I expected to see this happen: a Some
value, as the documentation currently states "If the named environment variable is present at compile time, this will expand into an expression of type Option<&'static str>
whose value is Some
of the value of the environment variable".
Instead, this happened: The program outputted:
[code.rs:2:2] option_env!("NON_UNICODE_ENV_VAR") = None
Currently, the documentation doesn't consider the possibility of a non-Unicode environment variable value (as only Unicode values can be expressed as a &'static str), and the implementation emits None
, the same as for a non-existent environment variable.

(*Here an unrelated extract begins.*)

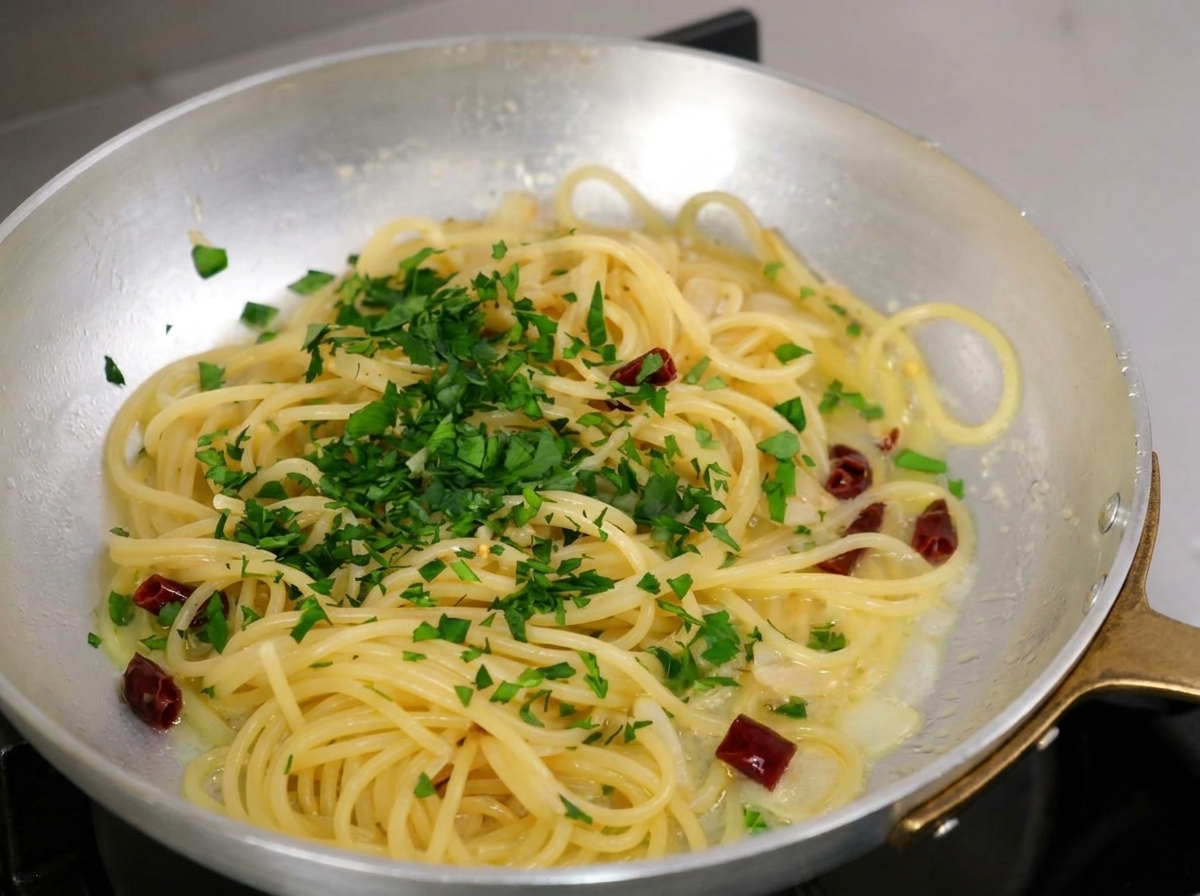 Fein gehackte frische Petersilie, die großzügig über gekochte Spaghetti in einer Metallpfanne gestreut wird.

There are three possibilities that I can think of:
- The current behaviour is a bug, and a compilation error should be emitted as it isn't possibly to represent a non-Unicode value as a
&'static str
, and the documentation should also be updated to reflect this. Note that this would be a breaking change to the compiler itself, but would be allowed as it would be a bugfix. - The current behaviour is not a bug, and the documentation should be updated to reflect the current behaviour.
- Same as 2, but the behaviour is unexpected enough to warrant a warn/deny-by-default lint.
Personally, I believe 1 to be the case, as the current behaviour is unexpected and leads to code patterns like let was_defined_at_compile_time = option_env!("VAR").is_some()
silently returning incorrect results. There doesn't seem to be a "correct" value to return, as None
is already taken by "does not exist" and Some(&str)
cannot represent a non-Unicode value. It seems unlikely anyone is relying on the current behaviour given Rust's very UTF-8 everywhere design, the fact the same result can be achieved much more easily by just not setting the environment variable, and the platform-specific nature of what non-Unicode values can exist (Windows UTF-16 unpaired surrogates vs. Unix invalid UTF-8 bytes). It therefore seems to be more likely to occur when someone has mistyped something in their shell or due to data corruption, which the current output would make rather confusing to track down (as it would seem to say the variable was missing, rather than set incorrectly).
Meta
rustc --version --verbose
:
commit-hash: 07dca489ac2d933c78d3c5158e3f43beefeb02ce
commit-date: 2024-02-04
host: x86_64-unknown-linux-gnu
release: 1.76.0
LLVM version: 17.0.6
I believe the decision of what to do is down to libs-api, so
@rustbot label +T-libs-api